Your answer must be the exact lines of the listing below that run from the line with "adidas Men’s Light" to the line with "Pastel Flowers Duvet Cover Set", ends included, and no pictures.

Provided records:
"""
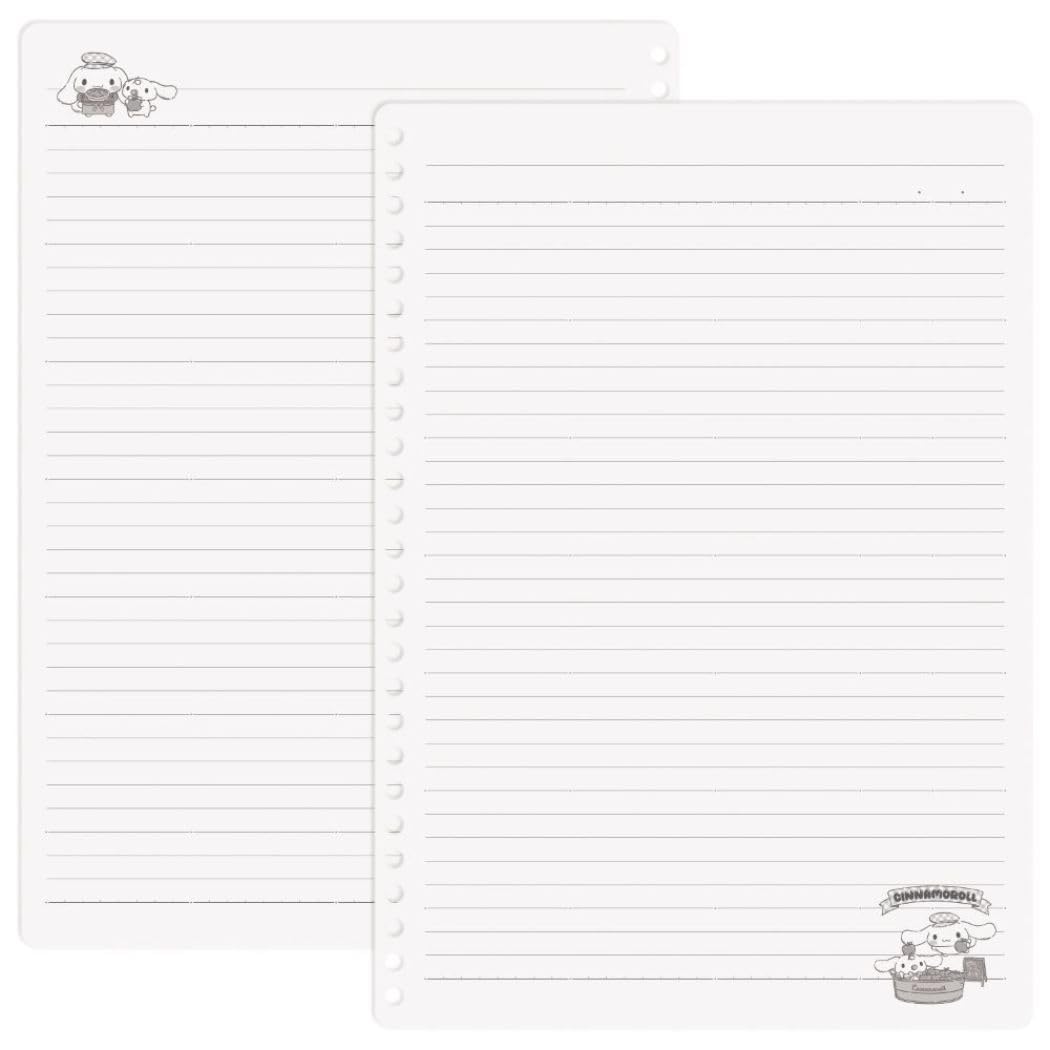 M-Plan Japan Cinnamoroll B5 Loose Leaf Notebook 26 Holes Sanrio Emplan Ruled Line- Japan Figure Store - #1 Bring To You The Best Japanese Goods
"""
"""
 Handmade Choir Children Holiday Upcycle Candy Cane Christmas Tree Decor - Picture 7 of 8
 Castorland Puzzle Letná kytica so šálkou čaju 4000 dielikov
"""
"""
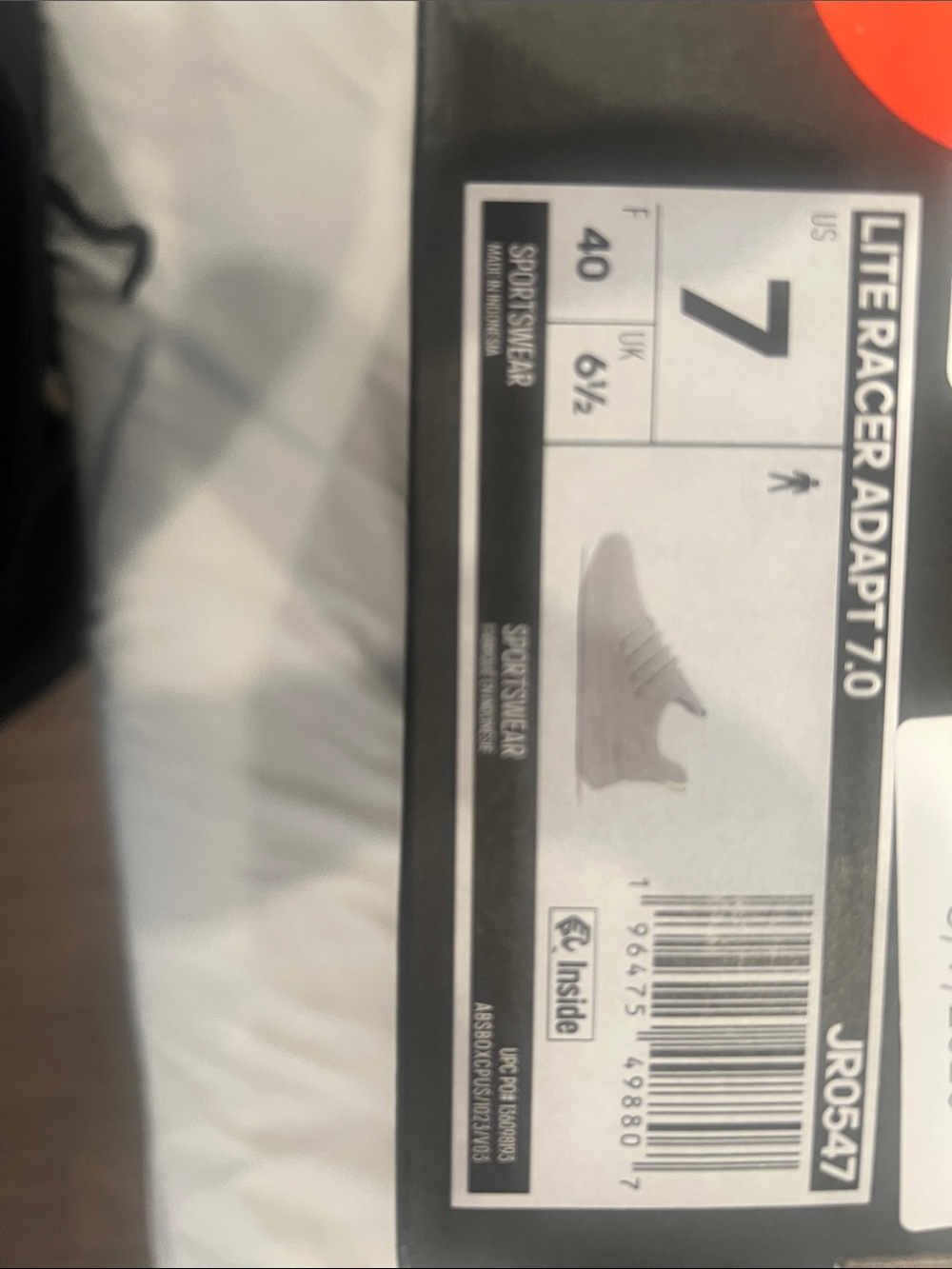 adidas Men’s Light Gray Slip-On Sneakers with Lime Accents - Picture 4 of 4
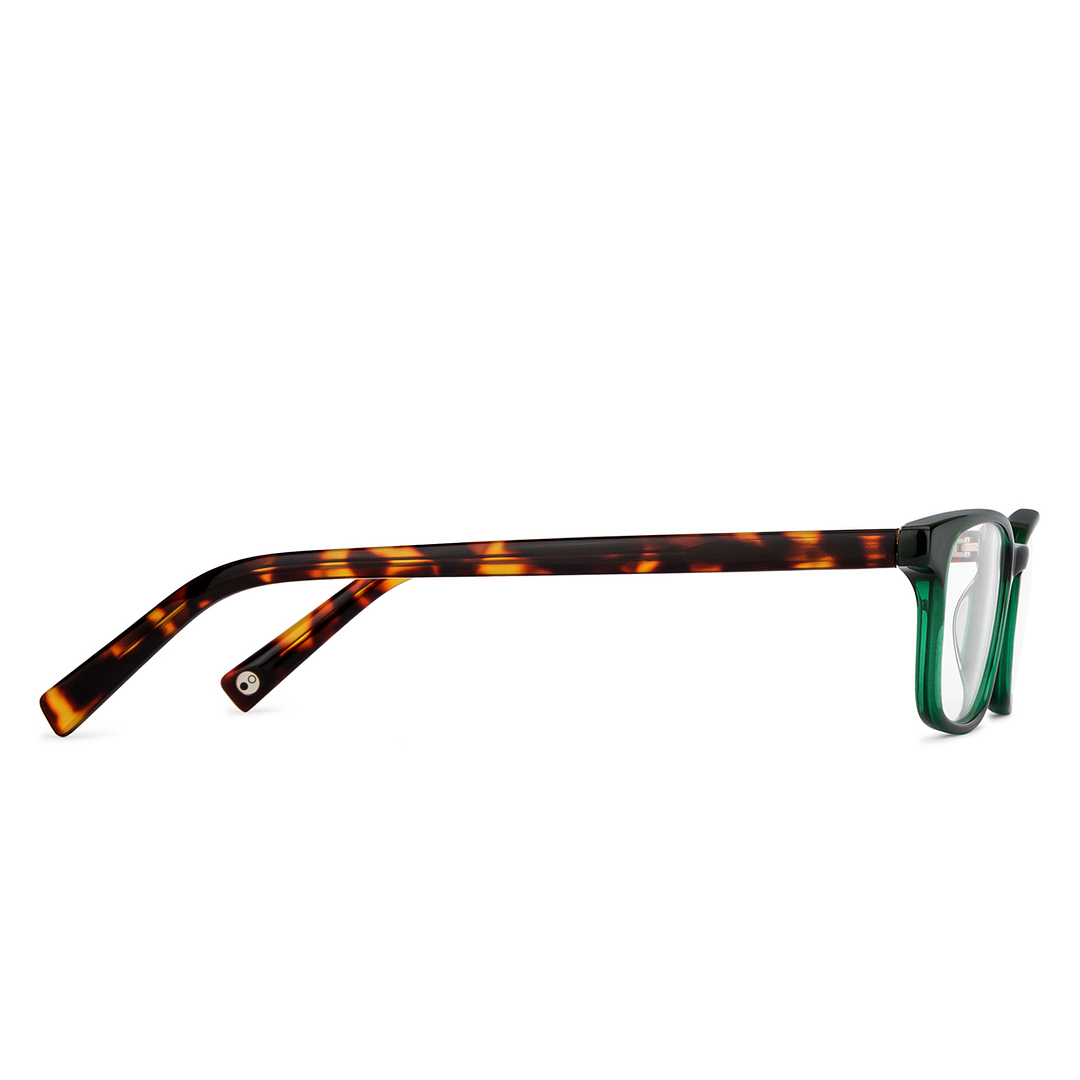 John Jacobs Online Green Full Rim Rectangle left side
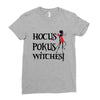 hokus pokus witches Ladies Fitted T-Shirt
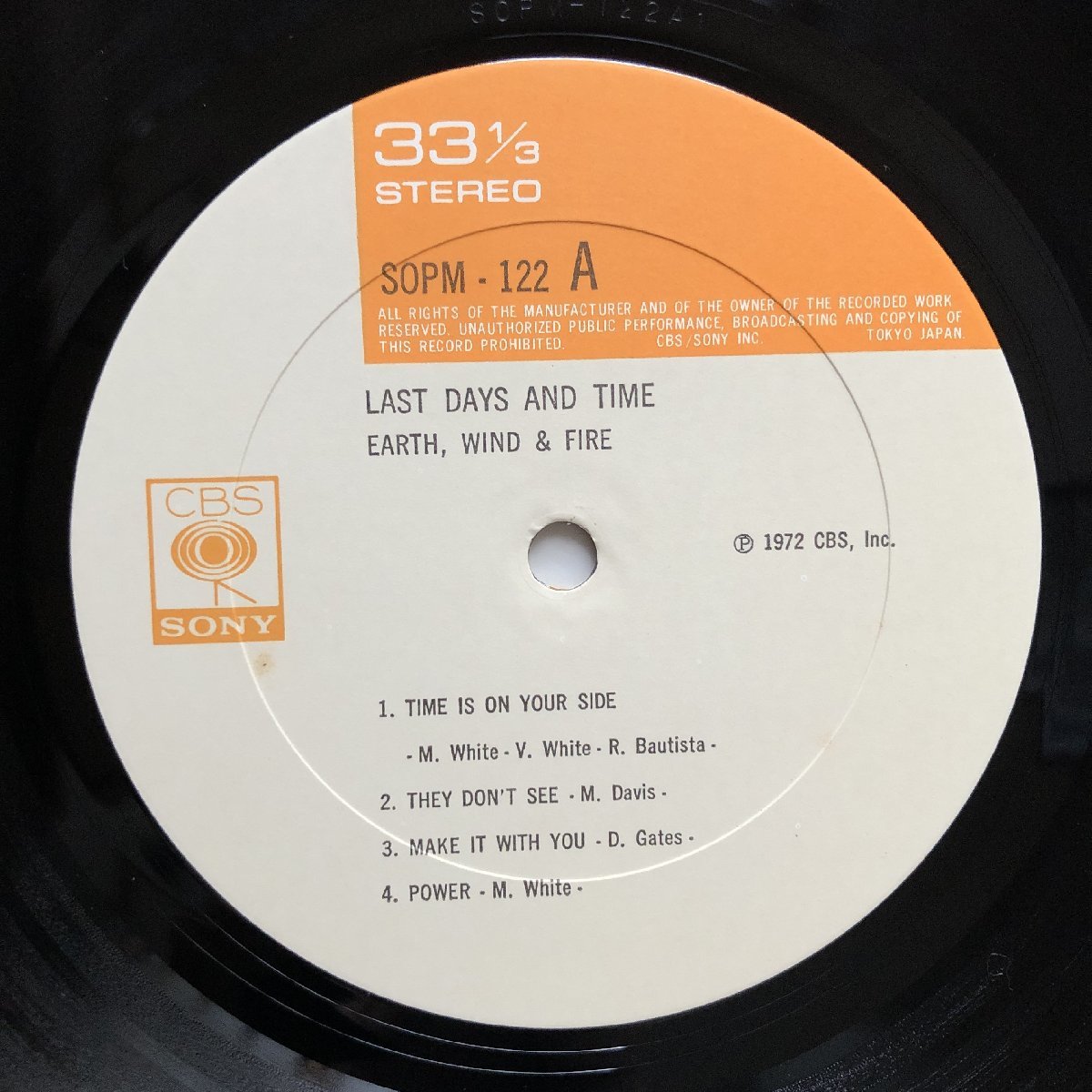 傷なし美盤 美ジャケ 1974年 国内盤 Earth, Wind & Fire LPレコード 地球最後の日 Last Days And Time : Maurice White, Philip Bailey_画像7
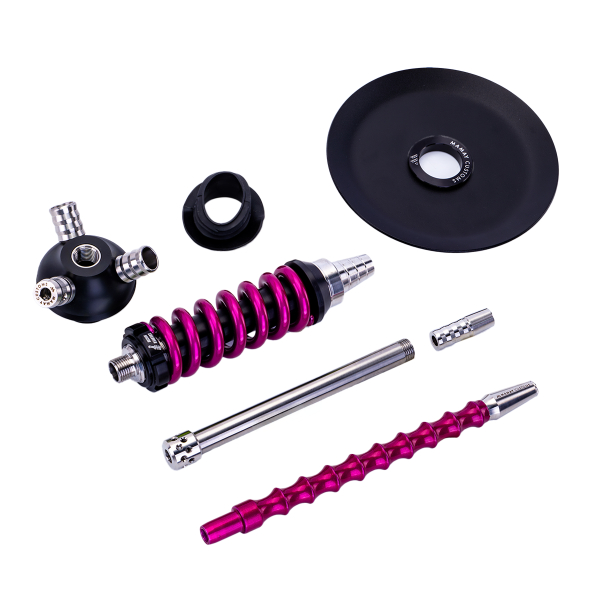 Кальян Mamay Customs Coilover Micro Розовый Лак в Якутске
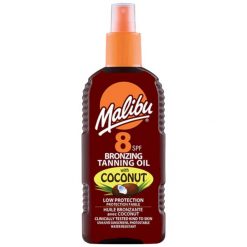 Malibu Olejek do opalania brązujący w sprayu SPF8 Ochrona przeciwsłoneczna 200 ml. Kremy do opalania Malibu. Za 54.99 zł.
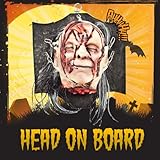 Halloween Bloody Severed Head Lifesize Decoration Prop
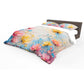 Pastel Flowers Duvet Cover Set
"""
Reply to the exercise:
 adidas Men’s Light Gray Slip-On Sneakers with Lime Accents - Picture 4 of 4
 John Jacobs Online Green Full Rim Rectangle left side
 hokus pokus witches Ladies Fitted T-Shirt
 傷なし美盤 美ジャケ 1974年 国内盤 Earth, Wind & Fire LPレコード 地球最後の日 Last Days And Time : Maurice White, Philip Bailey_画像7
 Кальян Mamay Customs Coilover Micro Розовый Лак в Якутске
 Malibu Olejek do opalania brązujący w sprayu SPF8 Ochrona przeciwsłoneczna 200 ml. Kremy do opalania Malibu. Za 54.99 zł.
 Halloween Bloody Severed Head Lifesize Decoration Prop
 Pastel Flowers Duvet Cover Set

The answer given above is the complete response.